Beneteau Cyclades 43.3

Development
- Designer: Berret-Racoupeau
- Location: France
- Year: 2007
- Builder: Beneteau
- Role: Cruiser
- Name: Beneteau Cyclades 43.3

Boat
- Displacement: 19,797 lb (8,980 kg)
- Draft: 6.23 ft (1.90 m)

Hull
- Type: monohull
- Construction: glassfibre
- LOA: 43.50 ft (13.26 m)
- LWL: 40.65 ft (12.39 m)
- Beam: 14.53 ft (4.43 m)
- Engine: Yanmar 56 hp (42 kW) diesel engine

Hull appendages
- Keel: Fin keel with weighted bulb
- Ballast: 6,393 lb (2,900 kg)
- Rudder: Spade-type rudder

Rig
- Rig type: Bermuda rig
- I foretriangle height: 50.69 ft (15.45 m)
- J foretriangle base: 15.29 ft (4.66 m)
- P mainsail luff: 48.88 ft (14.90 m)
- E mainsail foot: 17.55 ft (5.35 m)

Sails
- Sailplan: Fractional rigged sloop
- Mainsail area: 428.92 sq ft (39.848 m^{2})
- Jib/genoa area: 387.53 sq ft (36.003 m^{2})
- Total sail area: 816.45 sq ft (75.851 m^{2})

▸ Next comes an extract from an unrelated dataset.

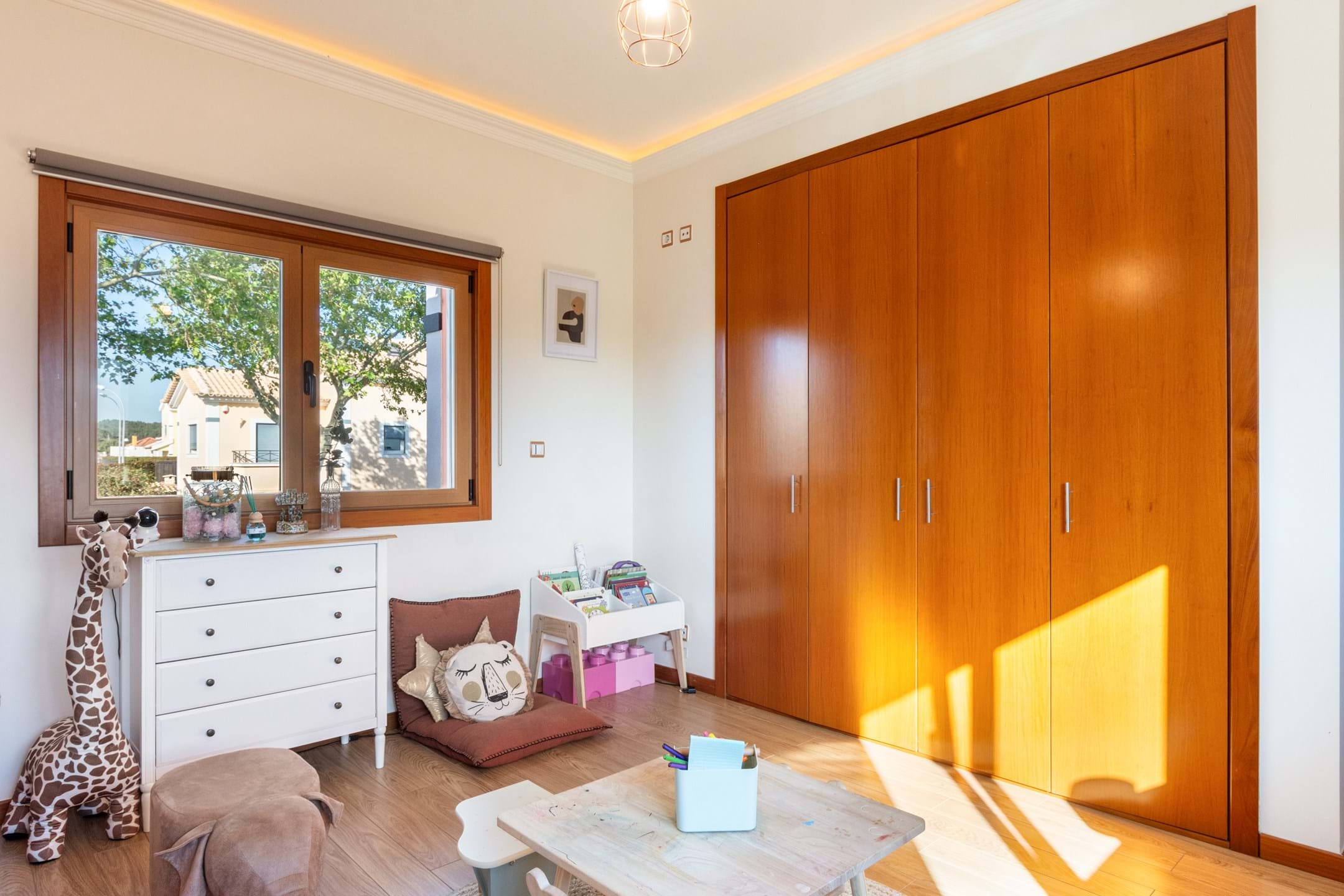 Sintra, Lisbon, 2635-633, PT, 4 Bedrooms Bedrooms, ,3 BathroomsBathrooms,Residential,For Sale,1700038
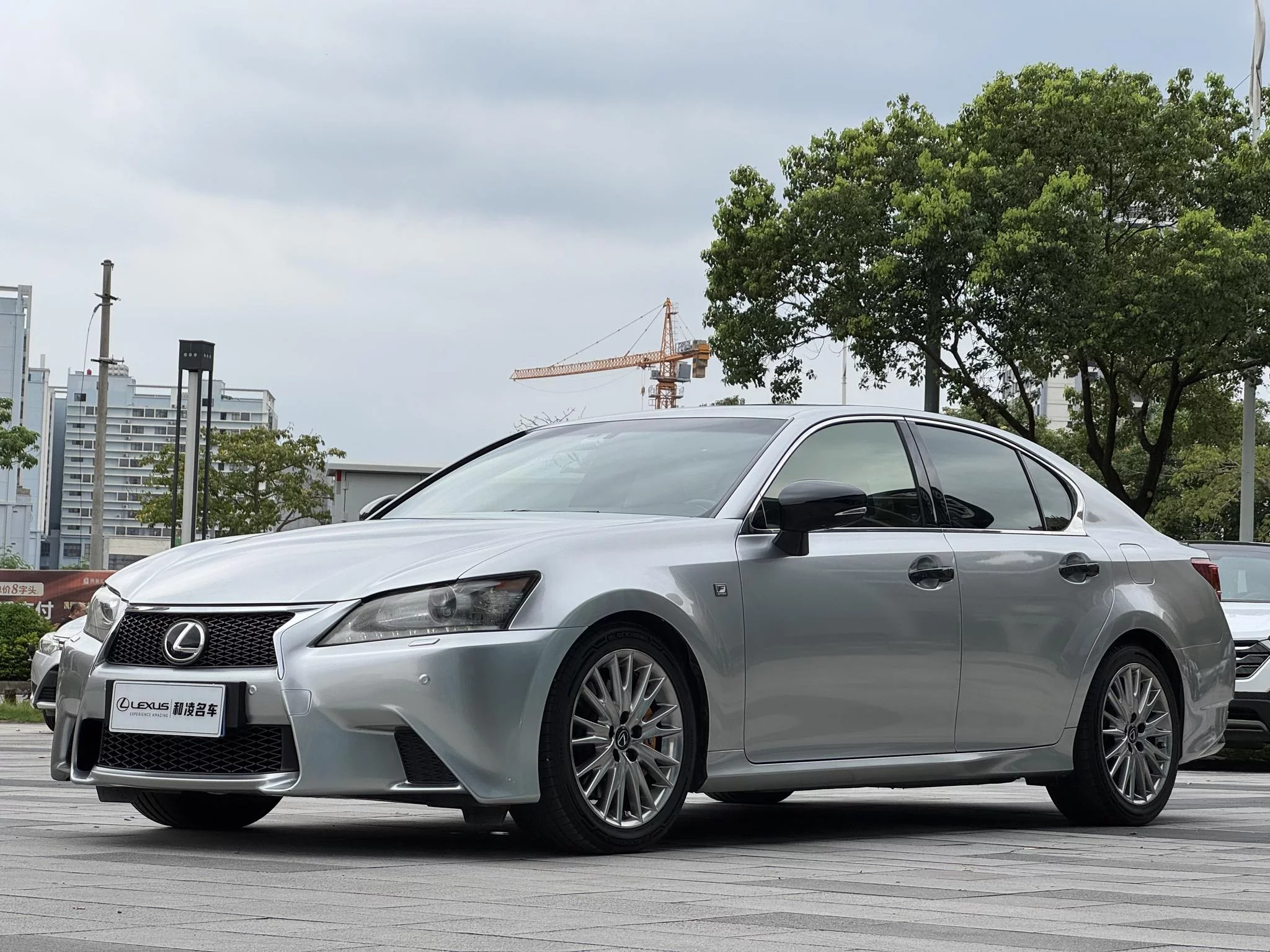 Lexus GS  из Китая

= Beneteau Cyclades 43.3 =

Sailboat class

The Beneteau Cyclades 43.3, sometimes just called the Cyclades 43, is a French sailboat that was designed by Berret-Racoupeau as a cruiser primarily aimed at the yacht charter market and first built in 2007. The series is named for the Greek island chain.

The design was also sold as the Moorings 43.3 and Moorings 44.3 for Moorings Yacht Charter and is the same design as the four-cabin Cyclades 43.4.

==Production==
The design was built by Beneteau in France, from 2007 to 2010, but it is now out of production.

==Design==
The Cyclades 43.3 is a recreational keelboat, built predominantly of glassfibre, with wood trim. The hull and deck are both fibreglass with a balsa core. It has a fractional sloop rig, with a deck-stepped mast, two sets of swept spreaders and aluminium spars with stainless steel wire standing rigging. The hull has a slightly raked stem, a walk-through reverse transom with a swimming platform, an internally mounted spade-type rudder controlled by dual wheels and a fixed fin keel with a weighted bulb. It displaces 19797 lb and carries 6393 lb of cast iron ballast.

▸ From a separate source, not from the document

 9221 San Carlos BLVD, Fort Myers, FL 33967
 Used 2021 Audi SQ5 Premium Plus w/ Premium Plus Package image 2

The boat has a draft of 6.23 ft with the standard keel.

The boat is fitted with a Japanese Yanmar diesel engine of 56 hp for docking and manoeuvring. The fuel tank holds 53 u.s.gal and the fresh water tank has a capacity of 140 u.s.gal.

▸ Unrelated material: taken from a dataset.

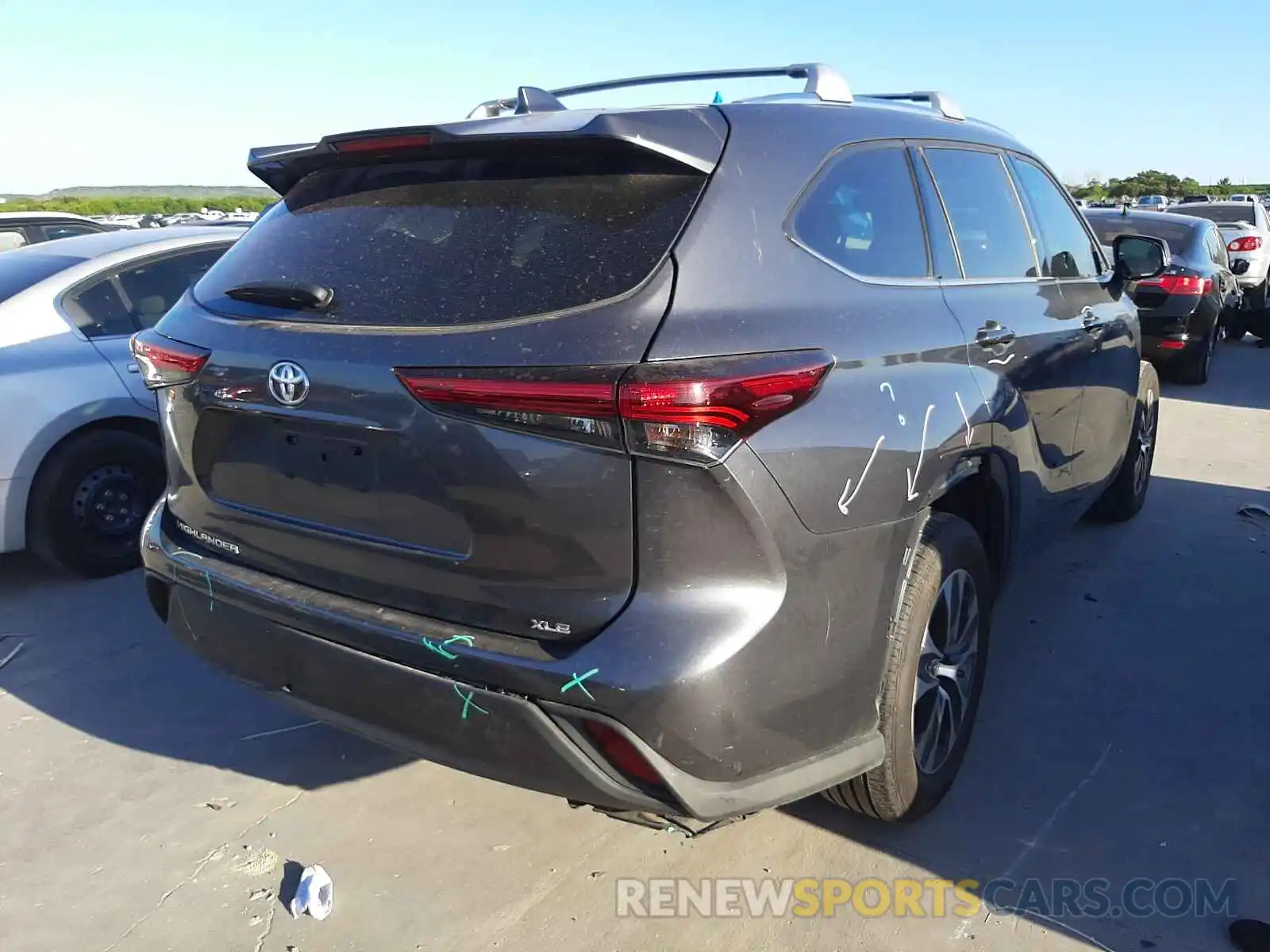 4 Photograph of a damaged car 5TDGZRAH5LS014989 TOYOTA HIGHLANDER 2020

The design has sleeping accommodation for six people, with a double berth in the bow cabin and two aft cabins, each with a double berth. The main salon has a U-shaped settee and a straight settee. The galley is located on the port side of the main salon. The galley is of straight configuration and is equipped with a three-burner stove, a refrigerator, freezer and a sink. A navigation station is located in the salon, on the starboard side. There are three heads, one for each cabin. Cabin headroom is 78 in.

The design has a hull speed of 8.54 kn.

==Operational history==
One review reported, "Yachting World's respected yacht tester Matthew Sheahan also mentions the shortage of winches, but he enjoyed his sail in a decent breeze. 'Once the Cyclades 43 is set up she sails well, is stiff, barrels along upwind at just under 7 knots and hits eight with ease on a reach,' he says. 'With a twin wheel system the 43 is rather heavy on the helm, but she remains an easy boat to steer in a straight line and responsive when you want to twist and turn over waves.'"

In a 2010 review, yacht broker Richard Jordan wrote, "the Cyclades 43 is absolutely not a bluewater boat. Other Beneteaus such as the Oceanis series are rated for offshore work. The Cyclades series is not. It is a great coastline sailor. She would be perfect to hop back and forth from the Bahamas and sail around the Caribbean."